Below are records; the lines starting at the one with "Woman Enjoying Urban" and ending at the one with "Aerial clip of" must be reproduced exactly, both included. Pictures must not appear.

DATASET EXTRACT:
<<<<

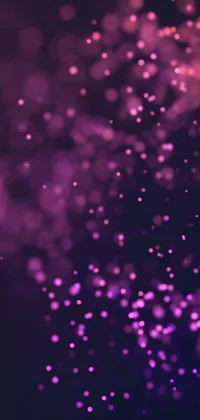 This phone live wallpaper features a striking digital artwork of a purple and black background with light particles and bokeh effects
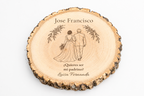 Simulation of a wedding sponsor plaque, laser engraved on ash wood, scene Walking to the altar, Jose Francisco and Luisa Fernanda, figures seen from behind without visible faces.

>>>>
<<<<

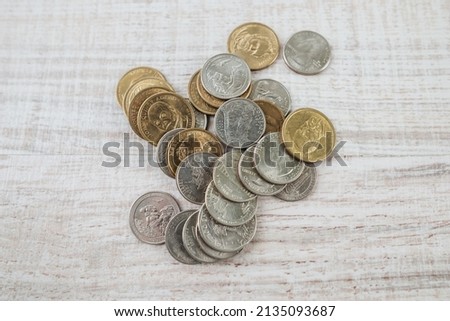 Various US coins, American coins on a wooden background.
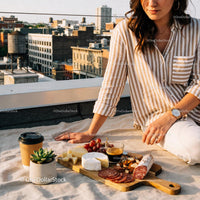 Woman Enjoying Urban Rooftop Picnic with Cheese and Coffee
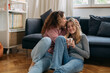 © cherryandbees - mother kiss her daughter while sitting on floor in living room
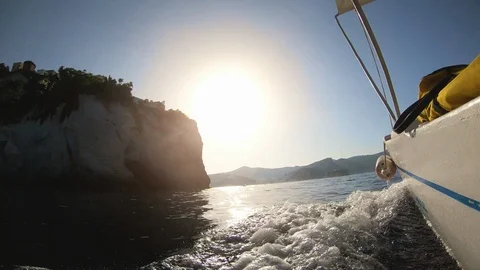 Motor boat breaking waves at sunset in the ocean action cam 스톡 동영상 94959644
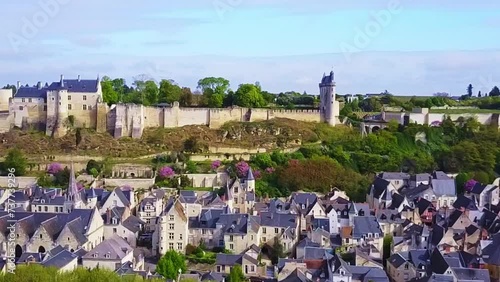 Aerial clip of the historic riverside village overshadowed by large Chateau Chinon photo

>>>>

OUTPUT BELOW:
 Woman Enjoying Urban Rooftop Picnic with Cheese and Coffee
 © cherryandbees - mother kiss her daughter while sitting on floor in living room
 Motor boat breaking waves at sunset in the ocean action cam 스톡 동영상 94959644
 Aerial clip of the historic riverside village overshadowed by large Chateau Chinon photo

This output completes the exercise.